2.    Over-Regulation/Bans Due to Regulatory Capture by Taxi Cartels

While there has been some effort to cloak ridesharing regulations in the language of consumer protection or labor rights,36 the predominate force behind most new regulation and legislation has been traditional taxi companies. In many cities, the taxi market has been heavily regulated and dominated by a small number of cartels for decades. Regulations generally have strictly limited the supply of medallions—physical badges placed on each car showing that the owner has a permit to operate in the city—which has allowed these cartels to fairly effectively monopolize the market and keep potential competitors out. By limiting the number of medallions in circulation, regulators created artificial scarcity in the supply of taxis, allowing cabs to charge above-market rates. The scarcity also raised the price of any medallions that go on sale.
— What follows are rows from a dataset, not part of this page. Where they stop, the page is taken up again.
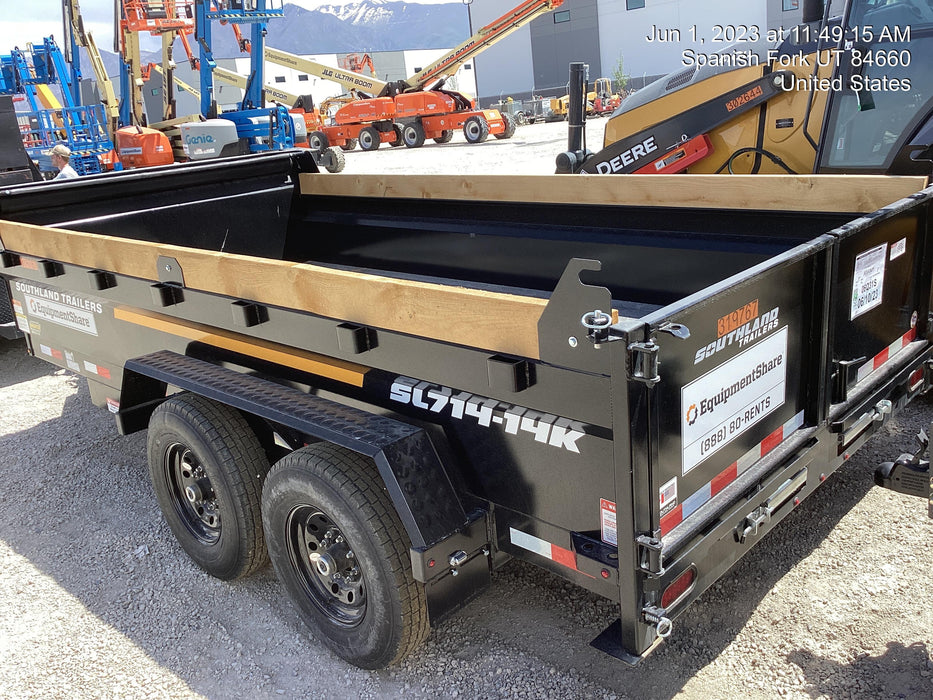 2024 SOUTHLAND SL270T-14K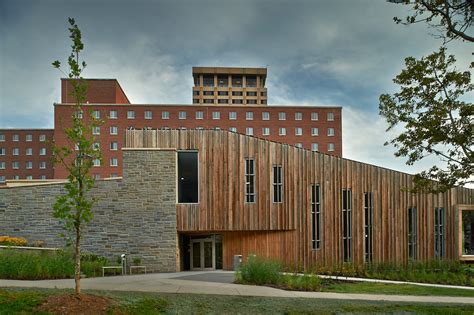 Syracuse University Sadler Hall Architizer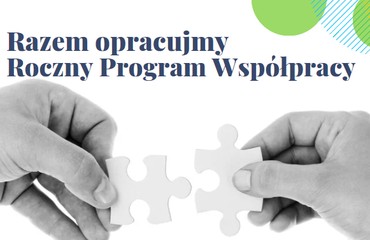 Masz nowe pomysły na współpracę z Miastem? Przyjdź na spotkanie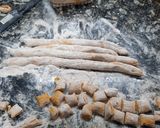 Foto del paso 4 de la receta: Ñoquis de zapallo.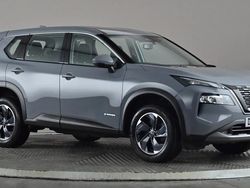 Grey Used 2024 Nissan X-Trail Acenta Premium SUV | £25,998 (A bit pricey)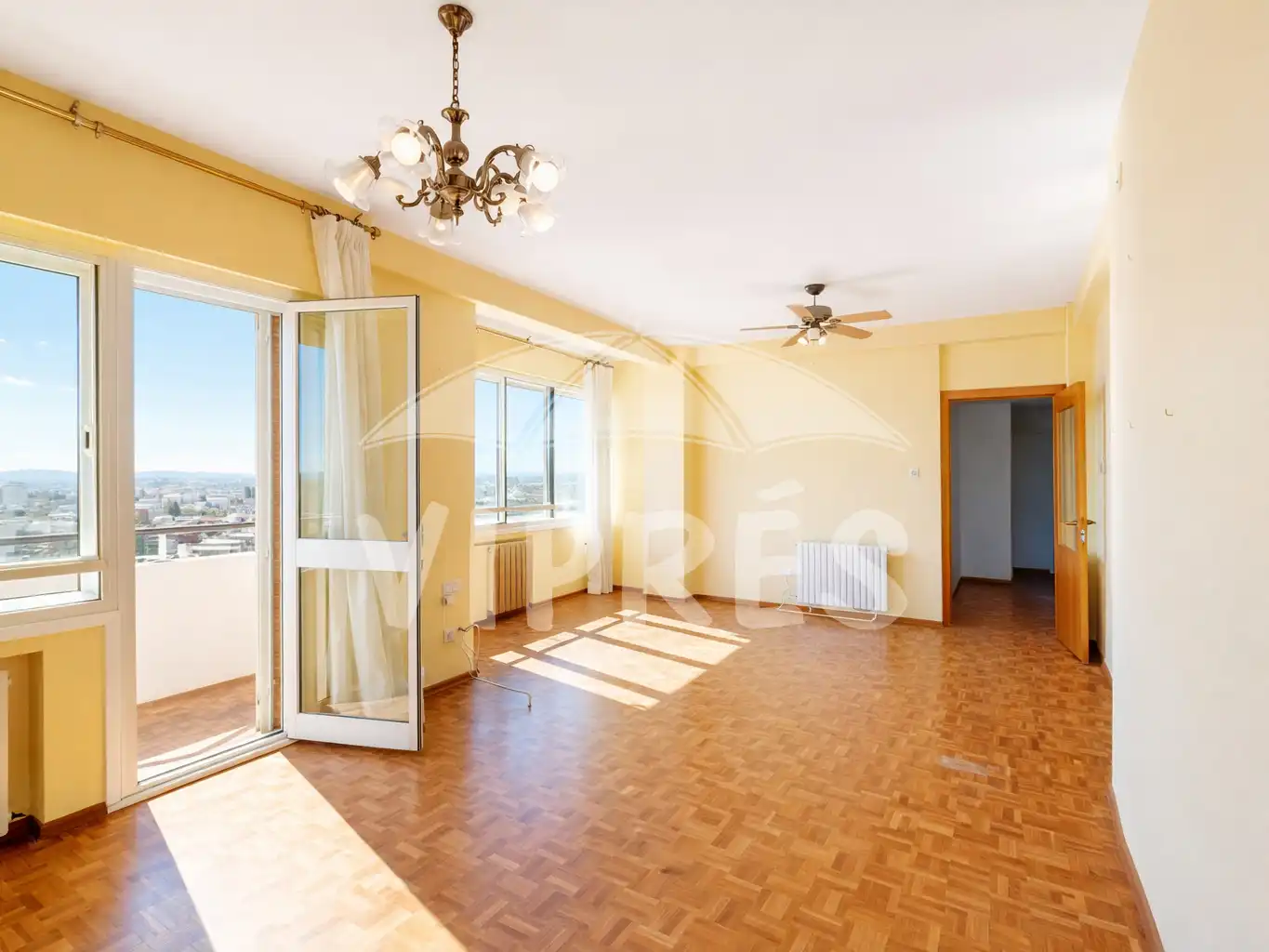Habitación de Piso en venta en Mérida con Calefacción, Parquet y Balcón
Along with the myriad regulatory hurdles that an independent driver often needs to jump over to be legally allowed to accept fares, this dynamic has had the effect of raising significant barriers to entry around the taxi industry, entrenching existing cartels and providing them with little incentive to lower fares, adopt new technologies, or improve service.

Once the rideshare app revolution began, however, the cartels’ control over for-hire transportation rapidly disappeared. In New York City, medallion prices have plummeted from a peak of around $1.3 million in May 2013 to as little as $325,000 in April 201637 and NYC Yellow Taxis’ share of total trips fell by almost twenty-three percent between April 2015 and April 2016.38 Monopolists are by definition not huge fans of competition, so taxi companies across the country quickly turned to lobbying their cities and states to do something about this Uber startup poaching their business.39

Some of the anti-Uber regulations include increased insurance and background check/fingerprinting requirements, fare restrictions (including bans on surge pricing), route restrictions (e.g., no picking up at the airport), medallion requirements, and outright bans.40 When the D.C. Taxicab Commission issued proposed rulemakings in response to the rise of ride-sharing apps in 2013, the Federal Trade Commission issued a 15-page letter commenting on all the different ways the proposed rules could impede competition.41 Anti-competitive rules included the requirement that non-taxi for-fare cars (defined as “sedans” within the larger subset of “luxury class vehicles”) must only accept fares through a digital dispatching service, must “be black or blue-black in color,” and weigh at least 3,200 pounds.42 Proposed rules prohibited any association with existing taxicab companies, “making a ‘substantial change’ to [Uber’s] dispatch or payment solution . . . without DCTC’s written approval” for two years, and required extensive daily disclosures of information to the Taxicab Commission.43 New York City has proposed regulations requiring ride-sharing companies to treat drivers as employees and provide benefits, forcing all drivers of for-hire vehicles to be compensated in the same way, and requiring a certain percentage of Uber cars to be wheelchair accessible.44 Similar regulations have popped up throughout the country, and while “ridesharing has been able to expand in most areas relatively free of burdensome regulations,”45 the ridesharing industry continues to face constant threats of overly burdensome regulation pushed by entrenched cartels.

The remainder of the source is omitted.